Sept. 3 (Bloomberg) -- McLaren’s Jenson Button led from start to finish at yesterday’s Belgian Grand Prix for his first victory since the opening race of the season.
The Briton’s chances of winning the drivers’ title remain slim, although he cut his deficit to championship leader Fernando Alonso to 63 points with eight races to go. Ferrari’s Alonso was among four drivers forced to retire following a crash at the first corner.
“This circuit is so special to most drivers,” Button said on the podium after the race. “To get a victory here from lights to flag is very special, especially as it has not been an easy year for me.”

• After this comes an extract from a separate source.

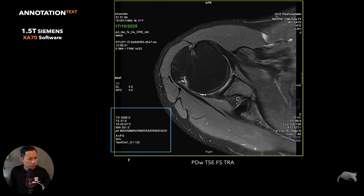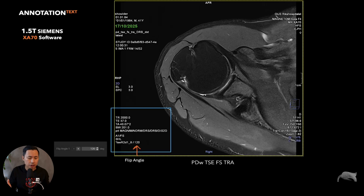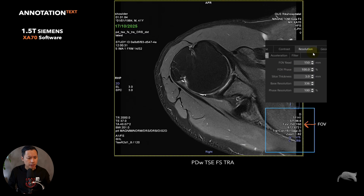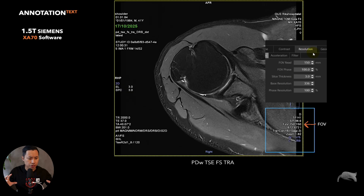The flip angle was 120 degrees, as you can see here. Now let's go to the next corner, which has to do with resolution.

Button, 32, had never won at Spa-Francorchamps. Red Bull’s Sebastian Vettel was second and Kimi Raikkonen of Lotus, a four-time winner at the circuit, completed the podium positions.
Alonso remains on 164 points, Vettel has 140, Mark Webber of Red Bull 132, with Raikkonen on 131. Then follows McLaren’s Lewis Hamilton on 117 and Button on 101.

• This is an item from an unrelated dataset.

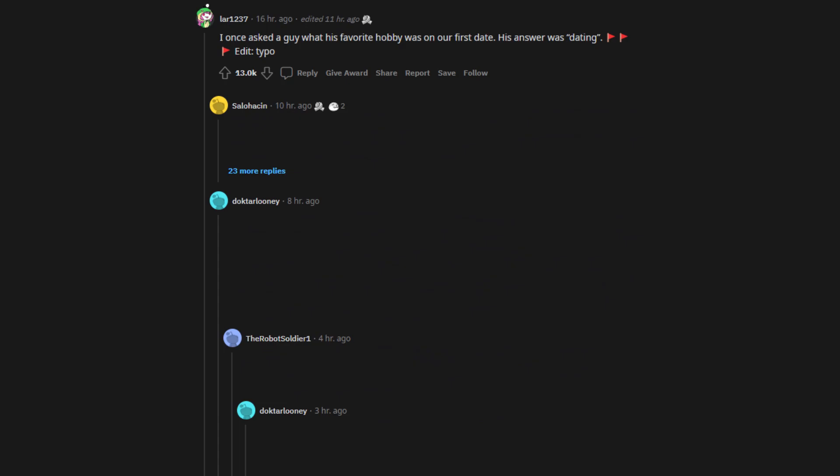I once asked a guy what his favorite hobby was on our first date. His answer was dating. He was clearly talking about carbon dating. Guy was just an aspiring archaeologist.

Alonso’s record of finishing in the points at every race this season was ended on the first lap, with Lotus’s Romain Grosjean, Hamilton and Sauber’s Sergio Perez also forced out in the incident.
Grosjean cut across to try to block Hamilton, with his rear-right tire hitting the front-left of the McLaren, which went into a spin and hit the Lotus. A stewards’ inquiry found Grosjean responsible for the accident, and he will be banned from next week’s race in Italy. He was also fined 50,000 euros ($63,000).
“I honestly thought I was ahead of him and there was enough room for both cars,” Grosjean said on the Formula One website. “I didn’t deliberately try to squeeze him or anything like that. This first corner situation obviously isn’t what anyone would want to happen and thankfully no one was hurt.”
Alonso and Perez were taken out, while Pastor Maldonado of Williams and Sauber’s Kamui Kobayashi sustained damage but were able to continue at the back of the field. Maldonado’s race was ended when he crashed on lap five, soon after the safety car had returned to the pits.
Maldonado will drop ten places on the starting grid at Monza in Italy next week after being cited for two violations by the stewards. He was punished for jumping the start as well as the collision with Timo Glock on lap 5 that caused him to quit. Glock was able to finish.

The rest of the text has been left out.